3. De toegepaste anthropologie tracht de kennis van de feiten en het inzicht in hun oorzakelijke factoren aan mens en maatschappij ten goede te doen komen. De eubiotiek houdt zich speciaal bezig met hetgeen voor den individuelen mens van belang is, terwijl de eugenetiek het collectief welzijn tracht te bevorderen.

DR A. DE FROE

Lit.: J. P. Kleiweg de Zwaan, Doelstelling en Ontwikkeling der Anthropologie (Den Haag 1943); A.J. van Bork-Feltkamp, Anthropological Research in the Netherlands (1938) (uitvoerige lit.-opgave) ; W. L. H. Duckworth, Morphology and Anthropology (Cambridge 1915); E. von Eickstedt, Rassenkunde und Rassengeschichte der Menschheit (Stuttgart, 2.

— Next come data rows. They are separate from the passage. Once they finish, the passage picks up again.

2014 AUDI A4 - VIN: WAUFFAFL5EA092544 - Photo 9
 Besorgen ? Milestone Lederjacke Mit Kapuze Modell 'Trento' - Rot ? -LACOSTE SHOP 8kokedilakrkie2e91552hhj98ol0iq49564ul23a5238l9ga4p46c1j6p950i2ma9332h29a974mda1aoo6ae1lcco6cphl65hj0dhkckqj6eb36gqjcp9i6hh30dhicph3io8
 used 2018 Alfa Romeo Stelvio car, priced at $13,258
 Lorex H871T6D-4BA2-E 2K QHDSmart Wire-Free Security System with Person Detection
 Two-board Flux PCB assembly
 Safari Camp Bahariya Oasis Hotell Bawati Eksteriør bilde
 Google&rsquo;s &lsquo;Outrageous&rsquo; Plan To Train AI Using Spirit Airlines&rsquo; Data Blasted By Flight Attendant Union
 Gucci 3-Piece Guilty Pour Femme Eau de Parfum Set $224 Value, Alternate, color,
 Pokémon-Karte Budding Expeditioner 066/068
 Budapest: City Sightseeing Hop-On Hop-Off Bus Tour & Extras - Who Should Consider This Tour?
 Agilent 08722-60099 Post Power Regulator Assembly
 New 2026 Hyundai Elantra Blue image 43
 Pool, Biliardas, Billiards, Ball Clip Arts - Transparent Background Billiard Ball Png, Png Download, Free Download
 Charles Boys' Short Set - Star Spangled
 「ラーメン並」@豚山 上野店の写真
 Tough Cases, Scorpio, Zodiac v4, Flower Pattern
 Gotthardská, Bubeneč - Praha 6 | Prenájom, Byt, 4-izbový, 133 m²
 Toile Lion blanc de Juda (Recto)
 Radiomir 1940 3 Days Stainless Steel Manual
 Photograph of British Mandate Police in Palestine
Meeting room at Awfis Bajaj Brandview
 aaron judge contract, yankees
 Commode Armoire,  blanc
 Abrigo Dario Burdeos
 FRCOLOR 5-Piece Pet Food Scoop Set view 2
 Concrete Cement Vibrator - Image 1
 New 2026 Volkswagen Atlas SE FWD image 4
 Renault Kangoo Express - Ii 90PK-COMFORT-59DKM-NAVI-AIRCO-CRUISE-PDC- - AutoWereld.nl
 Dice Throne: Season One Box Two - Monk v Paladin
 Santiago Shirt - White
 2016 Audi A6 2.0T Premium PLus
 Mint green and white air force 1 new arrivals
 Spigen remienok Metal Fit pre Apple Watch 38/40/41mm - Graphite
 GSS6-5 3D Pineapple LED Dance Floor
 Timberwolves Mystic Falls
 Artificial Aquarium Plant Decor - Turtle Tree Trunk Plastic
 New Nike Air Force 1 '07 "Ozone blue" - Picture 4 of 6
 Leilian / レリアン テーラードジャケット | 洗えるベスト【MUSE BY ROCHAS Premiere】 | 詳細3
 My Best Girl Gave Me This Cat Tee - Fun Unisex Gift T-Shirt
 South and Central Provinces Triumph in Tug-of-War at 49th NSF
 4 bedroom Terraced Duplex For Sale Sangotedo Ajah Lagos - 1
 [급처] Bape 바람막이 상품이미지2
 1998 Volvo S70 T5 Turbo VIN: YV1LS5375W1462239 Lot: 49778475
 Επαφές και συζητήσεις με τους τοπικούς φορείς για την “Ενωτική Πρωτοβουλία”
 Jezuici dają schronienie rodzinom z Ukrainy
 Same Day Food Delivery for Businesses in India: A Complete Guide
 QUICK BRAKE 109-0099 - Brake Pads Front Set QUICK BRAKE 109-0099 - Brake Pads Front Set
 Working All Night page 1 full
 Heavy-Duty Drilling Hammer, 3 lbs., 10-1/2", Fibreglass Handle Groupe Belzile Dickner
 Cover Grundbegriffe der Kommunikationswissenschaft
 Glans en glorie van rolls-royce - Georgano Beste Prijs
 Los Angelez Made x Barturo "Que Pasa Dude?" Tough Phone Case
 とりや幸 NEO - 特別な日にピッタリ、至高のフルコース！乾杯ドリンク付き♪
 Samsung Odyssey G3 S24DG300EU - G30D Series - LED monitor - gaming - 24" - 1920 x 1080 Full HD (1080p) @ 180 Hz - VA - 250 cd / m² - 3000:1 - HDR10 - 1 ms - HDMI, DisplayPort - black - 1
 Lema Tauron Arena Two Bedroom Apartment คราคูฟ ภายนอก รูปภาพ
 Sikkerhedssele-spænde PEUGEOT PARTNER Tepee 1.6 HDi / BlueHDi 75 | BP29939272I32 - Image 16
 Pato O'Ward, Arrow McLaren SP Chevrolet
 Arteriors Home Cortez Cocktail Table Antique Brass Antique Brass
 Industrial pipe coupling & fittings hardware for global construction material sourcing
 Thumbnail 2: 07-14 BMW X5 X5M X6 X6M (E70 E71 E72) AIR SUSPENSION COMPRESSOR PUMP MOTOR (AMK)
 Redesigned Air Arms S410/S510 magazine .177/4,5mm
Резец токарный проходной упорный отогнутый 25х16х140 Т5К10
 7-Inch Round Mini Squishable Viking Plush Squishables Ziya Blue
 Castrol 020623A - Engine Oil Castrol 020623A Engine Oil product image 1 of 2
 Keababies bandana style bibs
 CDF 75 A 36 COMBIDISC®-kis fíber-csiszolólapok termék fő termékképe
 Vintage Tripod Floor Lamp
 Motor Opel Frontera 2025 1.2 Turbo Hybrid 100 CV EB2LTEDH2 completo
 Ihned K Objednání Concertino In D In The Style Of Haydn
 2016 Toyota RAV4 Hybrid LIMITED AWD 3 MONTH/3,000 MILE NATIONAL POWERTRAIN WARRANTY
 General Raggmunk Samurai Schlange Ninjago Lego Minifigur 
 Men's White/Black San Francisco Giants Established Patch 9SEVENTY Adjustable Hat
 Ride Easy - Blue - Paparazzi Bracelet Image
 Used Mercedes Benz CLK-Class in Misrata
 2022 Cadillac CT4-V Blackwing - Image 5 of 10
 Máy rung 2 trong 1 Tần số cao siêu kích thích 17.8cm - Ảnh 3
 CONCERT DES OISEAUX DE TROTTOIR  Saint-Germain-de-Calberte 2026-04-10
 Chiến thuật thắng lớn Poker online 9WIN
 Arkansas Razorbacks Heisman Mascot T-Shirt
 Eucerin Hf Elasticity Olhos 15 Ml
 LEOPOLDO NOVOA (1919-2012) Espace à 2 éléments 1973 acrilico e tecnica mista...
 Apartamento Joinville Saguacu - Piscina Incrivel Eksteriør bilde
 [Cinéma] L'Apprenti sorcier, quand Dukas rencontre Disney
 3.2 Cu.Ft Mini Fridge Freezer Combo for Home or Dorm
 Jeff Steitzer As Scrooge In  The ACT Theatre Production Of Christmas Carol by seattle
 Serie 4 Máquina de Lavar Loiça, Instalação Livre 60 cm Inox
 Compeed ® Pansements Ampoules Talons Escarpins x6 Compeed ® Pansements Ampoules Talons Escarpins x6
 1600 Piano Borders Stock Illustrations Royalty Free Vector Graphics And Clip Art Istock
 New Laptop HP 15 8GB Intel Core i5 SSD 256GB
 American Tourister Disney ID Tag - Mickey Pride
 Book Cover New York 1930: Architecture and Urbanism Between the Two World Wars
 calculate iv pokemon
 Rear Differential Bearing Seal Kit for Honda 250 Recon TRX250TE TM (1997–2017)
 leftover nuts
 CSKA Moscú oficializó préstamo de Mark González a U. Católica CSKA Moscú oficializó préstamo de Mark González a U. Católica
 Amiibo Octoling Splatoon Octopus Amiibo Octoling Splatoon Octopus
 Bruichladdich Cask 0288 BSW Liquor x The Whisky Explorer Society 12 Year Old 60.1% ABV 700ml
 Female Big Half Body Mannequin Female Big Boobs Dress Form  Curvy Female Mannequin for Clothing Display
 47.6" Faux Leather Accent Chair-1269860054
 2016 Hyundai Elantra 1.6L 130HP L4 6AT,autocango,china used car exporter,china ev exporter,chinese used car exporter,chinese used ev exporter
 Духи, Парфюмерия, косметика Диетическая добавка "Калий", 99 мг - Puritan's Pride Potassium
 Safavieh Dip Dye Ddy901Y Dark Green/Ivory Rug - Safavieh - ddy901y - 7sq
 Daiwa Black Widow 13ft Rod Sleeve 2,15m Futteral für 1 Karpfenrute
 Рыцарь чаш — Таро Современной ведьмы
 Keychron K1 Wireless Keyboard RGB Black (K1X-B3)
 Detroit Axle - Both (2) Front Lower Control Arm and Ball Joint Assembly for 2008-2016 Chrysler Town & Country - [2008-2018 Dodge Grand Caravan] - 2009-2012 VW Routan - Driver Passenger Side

Aufl.); R. Martin, Lehrbuch der Anthropologie (Jena 1938); E. Pittard, Les Races et l’Histoire (Paris 1924); W. Scheidt, Allgemeine Rassenkunde (München 1925); G. Schwalbe und E. Fischer, Anthropologie (Leipzig 1923); J.

H. van Wieringen, De voorhistorische mensch (Zutphen 1938); Ras Bahadur Sarat Chandra Roy, Principles and Methods of physical Anthropology (Patna 1920) ; H. Plessner, Die Stufen des Organischen und der Mensch (Berlin 1928) ; Paul Haeberlin, Der Mensch, eine philosophische Anthropologie (Zürich 1941).